--- Problem to solve ---
Where the line containing "Android Car Radio KiriNavi" appears, start copying; continue through the last line below and copy nothing else.

--- Data block ---

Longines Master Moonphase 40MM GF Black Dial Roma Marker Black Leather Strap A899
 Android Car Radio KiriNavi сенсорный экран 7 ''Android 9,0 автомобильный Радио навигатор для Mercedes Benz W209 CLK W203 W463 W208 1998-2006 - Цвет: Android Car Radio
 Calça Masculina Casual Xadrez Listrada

--- Solution to the exercise ---
 Android Car Radio KiriNavi сенсорный экран 7 ''Android 9,0 автомобильный Радио навигатор для Mercedes Benz W209 CLK W203 W463 W208 1998-2006 - Цвет: Android Car Radio
 Calça Masculina Casual Xadrez Listrada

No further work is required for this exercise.